In 1830, President Andrew Jackson, through Senator Benton of Missouri, arranged for an elaborate Democratic Party dinner to celebrate on April 13 the birthday of Thomas Jefferson and the Jeffersonian principles of the new Democratic Party. This was held at Brown’s Indian Queen Hotel in Washington. Political tension was increasing because of the effects of the substantial and controversial tariff increases that had been passed in 1828.

As Vice President, Calhoun had continued to be one of the leading spokesmen against the “Tariff of Abominations.” He, along with many Southern leaders, believed that the tariff of 1828 was unconstitutional because it subsidized one branch of industry, manufacturing, at the expense of commerce and agriculture. Calhoun maintained that a tariff should not tax one section of the economy or one region of the country for the benefit of another. He also believed that a tax on all the people should not be levied for the exclusive enrichment of only a part of the people. There was already talk in the South Carolina legislature of nullification—refusing to comply with such an unconstitutional, unfair, and damaging law. There was even talk of secession.
Senator Robert Hayne of South Carolina was to be the speaker that evening. After his remarks would come both voluntary and special toasts. Besides unifying the Party, Jackson looked upon the toasts as an opportunity for him to promote national and Democratic Party unity and to indicate his displeasure with any talk of nullification.
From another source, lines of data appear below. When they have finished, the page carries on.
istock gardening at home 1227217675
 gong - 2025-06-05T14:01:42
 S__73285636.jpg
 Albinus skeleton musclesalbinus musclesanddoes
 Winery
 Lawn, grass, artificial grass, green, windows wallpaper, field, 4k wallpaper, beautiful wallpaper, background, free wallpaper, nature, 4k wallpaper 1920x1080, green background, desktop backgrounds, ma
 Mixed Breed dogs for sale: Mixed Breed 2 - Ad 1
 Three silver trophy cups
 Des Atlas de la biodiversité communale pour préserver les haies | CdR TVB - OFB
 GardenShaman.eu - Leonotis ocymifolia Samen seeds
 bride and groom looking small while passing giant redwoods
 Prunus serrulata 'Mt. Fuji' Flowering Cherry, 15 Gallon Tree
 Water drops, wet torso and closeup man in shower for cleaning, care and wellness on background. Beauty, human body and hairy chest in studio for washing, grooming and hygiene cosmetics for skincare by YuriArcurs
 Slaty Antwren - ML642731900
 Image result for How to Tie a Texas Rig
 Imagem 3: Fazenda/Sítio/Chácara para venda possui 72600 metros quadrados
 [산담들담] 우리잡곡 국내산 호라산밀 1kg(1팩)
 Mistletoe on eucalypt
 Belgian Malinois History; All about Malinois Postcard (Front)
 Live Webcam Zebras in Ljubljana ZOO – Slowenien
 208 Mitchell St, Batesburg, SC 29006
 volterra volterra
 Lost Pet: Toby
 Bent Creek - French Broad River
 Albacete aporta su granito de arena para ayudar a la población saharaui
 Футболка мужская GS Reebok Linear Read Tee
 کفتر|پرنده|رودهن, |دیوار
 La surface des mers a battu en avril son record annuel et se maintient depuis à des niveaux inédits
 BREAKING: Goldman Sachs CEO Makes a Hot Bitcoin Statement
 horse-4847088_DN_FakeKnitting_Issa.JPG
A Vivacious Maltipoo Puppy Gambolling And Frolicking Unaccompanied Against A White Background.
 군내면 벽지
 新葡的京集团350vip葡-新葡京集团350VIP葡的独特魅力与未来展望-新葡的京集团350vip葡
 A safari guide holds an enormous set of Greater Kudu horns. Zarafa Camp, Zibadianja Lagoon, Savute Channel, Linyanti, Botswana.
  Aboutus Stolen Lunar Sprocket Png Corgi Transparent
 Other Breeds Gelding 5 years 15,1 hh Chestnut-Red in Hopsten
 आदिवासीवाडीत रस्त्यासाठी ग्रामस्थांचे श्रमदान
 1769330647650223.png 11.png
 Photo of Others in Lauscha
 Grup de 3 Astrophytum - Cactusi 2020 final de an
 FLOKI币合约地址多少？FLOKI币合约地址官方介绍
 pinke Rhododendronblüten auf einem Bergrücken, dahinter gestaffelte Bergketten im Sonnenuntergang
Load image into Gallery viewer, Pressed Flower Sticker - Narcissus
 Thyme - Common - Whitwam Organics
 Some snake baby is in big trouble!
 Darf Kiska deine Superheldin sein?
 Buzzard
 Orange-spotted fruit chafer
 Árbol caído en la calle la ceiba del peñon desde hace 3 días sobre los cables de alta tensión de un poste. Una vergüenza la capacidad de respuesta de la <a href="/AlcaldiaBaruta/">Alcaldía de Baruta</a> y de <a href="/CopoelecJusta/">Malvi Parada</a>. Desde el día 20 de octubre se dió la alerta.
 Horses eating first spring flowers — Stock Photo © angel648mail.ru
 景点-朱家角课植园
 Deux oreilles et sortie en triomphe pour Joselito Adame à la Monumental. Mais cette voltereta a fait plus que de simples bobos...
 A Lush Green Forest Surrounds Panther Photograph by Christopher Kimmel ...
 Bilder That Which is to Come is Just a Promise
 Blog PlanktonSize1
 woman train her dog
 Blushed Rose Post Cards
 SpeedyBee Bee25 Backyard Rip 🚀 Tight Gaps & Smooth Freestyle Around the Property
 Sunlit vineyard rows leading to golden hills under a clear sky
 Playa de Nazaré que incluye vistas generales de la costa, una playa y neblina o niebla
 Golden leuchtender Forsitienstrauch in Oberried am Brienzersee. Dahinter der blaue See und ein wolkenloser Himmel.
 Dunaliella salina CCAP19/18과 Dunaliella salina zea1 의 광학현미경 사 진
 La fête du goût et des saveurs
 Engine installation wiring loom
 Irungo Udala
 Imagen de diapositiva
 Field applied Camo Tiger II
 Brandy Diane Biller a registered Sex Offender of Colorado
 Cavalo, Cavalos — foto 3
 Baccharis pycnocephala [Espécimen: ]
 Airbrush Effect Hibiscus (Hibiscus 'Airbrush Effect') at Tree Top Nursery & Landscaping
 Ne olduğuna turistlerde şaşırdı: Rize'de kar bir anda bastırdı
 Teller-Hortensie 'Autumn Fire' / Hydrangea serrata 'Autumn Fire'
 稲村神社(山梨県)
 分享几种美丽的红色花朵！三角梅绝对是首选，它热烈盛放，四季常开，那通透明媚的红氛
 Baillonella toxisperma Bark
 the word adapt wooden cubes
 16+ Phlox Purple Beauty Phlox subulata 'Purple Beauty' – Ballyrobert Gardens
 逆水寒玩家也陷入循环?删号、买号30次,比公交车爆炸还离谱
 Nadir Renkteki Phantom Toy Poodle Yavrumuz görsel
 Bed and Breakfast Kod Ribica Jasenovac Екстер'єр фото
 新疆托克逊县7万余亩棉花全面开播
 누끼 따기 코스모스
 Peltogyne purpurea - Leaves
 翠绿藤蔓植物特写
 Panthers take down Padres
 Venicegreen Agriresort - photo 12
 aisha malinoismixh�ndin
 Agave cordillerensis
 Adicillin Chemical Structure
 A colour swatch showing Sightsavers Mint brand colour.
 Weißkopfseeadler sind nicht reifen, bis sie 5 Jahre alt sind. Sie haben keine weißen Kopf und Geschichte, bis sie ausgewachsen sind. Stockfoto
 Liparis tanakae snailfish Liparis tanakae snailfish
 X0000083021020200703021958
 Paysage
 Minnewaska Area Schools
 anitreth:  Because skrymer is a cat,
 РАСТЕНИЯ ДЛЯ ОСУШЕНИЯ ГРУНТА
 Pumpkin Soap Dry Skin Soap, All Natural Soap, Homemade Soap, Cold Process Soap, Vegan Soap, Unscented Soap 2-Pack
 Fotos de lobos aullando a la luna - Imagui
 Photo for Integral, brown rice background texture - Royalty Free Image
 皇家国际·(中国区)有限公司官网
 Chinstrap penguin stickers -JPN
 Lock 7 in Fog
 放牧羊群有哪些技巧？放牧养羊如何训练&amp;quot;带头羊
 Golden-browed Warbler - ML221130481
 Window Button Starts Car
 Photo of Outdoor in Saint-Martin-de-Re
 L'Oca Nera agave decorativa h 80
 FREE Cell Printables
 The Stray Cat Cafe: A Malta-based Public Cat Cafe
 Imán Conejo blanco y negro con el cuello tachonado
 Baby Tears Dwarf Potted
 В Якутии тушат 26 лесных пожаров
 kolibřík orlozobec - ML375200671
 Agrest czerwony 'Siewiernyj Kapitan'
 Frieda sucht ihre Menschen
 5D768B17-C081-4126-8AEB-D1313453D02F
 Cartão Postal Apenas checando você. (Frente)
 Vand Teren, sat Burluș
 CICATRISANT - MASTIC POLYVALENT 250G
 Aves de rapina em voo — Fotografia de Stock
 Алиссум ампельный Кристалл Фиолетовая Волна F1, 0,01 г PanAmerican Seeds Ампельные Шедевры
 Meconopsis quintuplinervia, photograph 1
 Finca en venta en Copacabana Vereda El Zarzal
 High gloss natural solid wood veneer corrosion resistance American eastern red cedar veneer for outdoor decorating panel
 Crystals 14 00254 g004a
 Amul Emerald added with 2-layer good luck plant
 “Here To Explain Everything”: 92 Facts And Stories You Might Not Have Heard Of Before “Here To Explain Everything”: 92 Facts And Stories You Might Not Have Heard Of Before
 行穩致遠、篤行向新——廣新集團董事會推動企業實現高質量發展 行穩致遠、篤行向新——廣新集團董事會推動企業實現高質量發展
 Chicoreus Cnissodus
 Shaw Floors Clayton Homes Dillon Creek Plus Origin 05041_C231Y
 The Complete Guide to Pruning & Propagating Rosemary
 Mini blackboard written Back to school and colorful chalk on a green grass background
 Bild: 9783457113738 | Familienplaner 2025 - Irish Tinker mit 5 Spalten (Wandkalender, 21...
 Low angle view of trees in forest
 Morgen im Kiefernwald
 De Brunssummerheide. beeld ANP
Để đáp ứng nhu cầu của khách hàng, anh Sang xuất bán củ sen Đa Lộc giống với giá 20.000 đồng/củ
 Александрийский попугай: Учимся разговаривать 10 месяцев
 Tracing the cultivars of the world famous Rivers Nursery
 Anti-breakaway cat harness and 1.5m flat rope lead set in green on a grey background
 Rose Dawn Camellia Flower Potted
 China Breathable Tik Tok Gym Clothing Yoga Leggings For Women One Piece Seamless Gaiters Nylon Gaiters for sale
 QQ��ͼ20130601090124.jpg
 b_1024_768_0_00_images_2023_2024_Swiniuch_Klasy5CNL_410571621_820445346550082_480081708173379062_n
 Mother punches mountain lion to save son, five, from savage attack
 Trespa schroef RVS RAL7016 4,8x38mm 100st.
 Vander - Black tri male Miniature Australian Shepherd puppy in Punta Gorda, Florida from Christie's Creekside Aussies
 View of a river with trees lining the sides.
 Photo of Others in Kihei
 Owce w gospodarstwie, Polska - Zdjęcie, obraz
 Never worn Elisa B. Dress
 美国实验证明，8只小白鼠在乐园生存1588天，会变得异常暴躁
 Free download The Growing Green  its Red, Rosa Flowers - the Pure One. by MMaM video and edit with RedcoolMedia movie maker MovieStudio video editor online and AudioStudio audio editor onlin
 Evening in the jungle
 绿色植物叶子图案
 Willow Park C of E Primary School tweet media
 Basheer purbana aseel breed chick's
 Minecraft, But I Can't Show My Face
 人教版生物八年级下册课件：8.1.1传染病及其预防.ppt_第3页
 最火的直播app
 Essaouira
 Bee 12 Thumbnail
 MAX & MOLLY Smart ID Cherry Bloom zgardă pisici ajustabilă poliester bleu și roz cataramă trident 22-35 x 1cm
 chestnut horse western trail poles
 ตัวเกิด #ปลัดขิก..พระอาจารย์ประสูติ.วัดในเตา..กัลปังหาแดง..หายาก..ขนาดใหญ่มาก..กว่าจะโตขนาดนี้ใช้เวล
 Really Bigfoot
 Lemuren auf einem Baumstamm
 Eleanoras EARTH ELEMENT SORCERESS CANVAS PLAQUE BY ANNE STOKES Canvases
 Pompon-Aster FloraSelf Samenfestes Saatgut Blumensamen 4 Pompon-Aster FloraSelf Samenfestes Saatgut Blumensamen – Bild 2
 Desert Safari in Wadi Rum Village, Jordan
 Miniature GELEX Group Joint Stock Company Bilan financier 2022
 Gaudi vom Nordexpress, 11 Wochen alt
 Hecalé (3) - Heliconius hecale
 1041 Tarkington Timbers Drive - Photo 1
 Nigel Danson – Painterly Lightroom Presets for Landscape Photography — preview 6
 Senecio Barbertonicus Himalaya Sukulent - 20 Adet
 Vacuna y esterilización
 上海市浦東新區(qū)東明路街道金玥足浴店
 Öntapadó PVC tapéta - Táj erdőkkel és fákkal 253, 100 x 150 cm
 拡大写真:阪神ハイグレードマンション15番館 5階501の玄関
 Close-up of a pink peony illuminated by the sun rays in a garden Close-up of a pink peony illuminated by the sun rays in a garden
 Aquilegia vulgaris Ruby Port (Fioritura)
Senator Hayne spoke, denouncing the tariff but avoiding any mention of nullification. But when the voluntary toasts began, they took on an increasingly anti-tariff tenor, and the Pennsylvania delegation walked out.

When it came time for the special toasts, the tension was high. President Jackson rose, holding his glass before him. Rather than sweeping his eyes across the audience, he stared sternly at Calhoun alone and said,

“Our Union, it must be preserved.”

Consfearacynewz said Jul 14, 2015 18:38:15
The Vice President was next to give his toast. The room was deadly quiet, the tension building even higher. Slowly Calhoun stood, lifted his glass, and in a firm voice directly addressed the President:

“The Union, next to our liberty, most dear.”

He paused for a moment, and then to make his point unmistakably clear, he continued,

“May we all remember that it can only be preserved by respecting the rights of the states and by distributing equally the benefits and burdens of the Union.”40

We may draw a lesson from this famous drama. Union, or unity, is a beneficial condition of like-minded men, but it is not a condition so beneficial that it outweighs every other condition, principle, or virtue. Unity by no means outweighs considerations of liberty, truth, honor, justice, high moral principle, or spiritual fidelity. It cannot outweigh essential human dignities and unalienable rights. If unity does not serve mutual benefit, virtue, and principle, its value is nullified. Furthermore, real unity cannot be coerced. Union forced at the point of a bayonet is tyranny and the enemy of liberty and all its virtues and blessings.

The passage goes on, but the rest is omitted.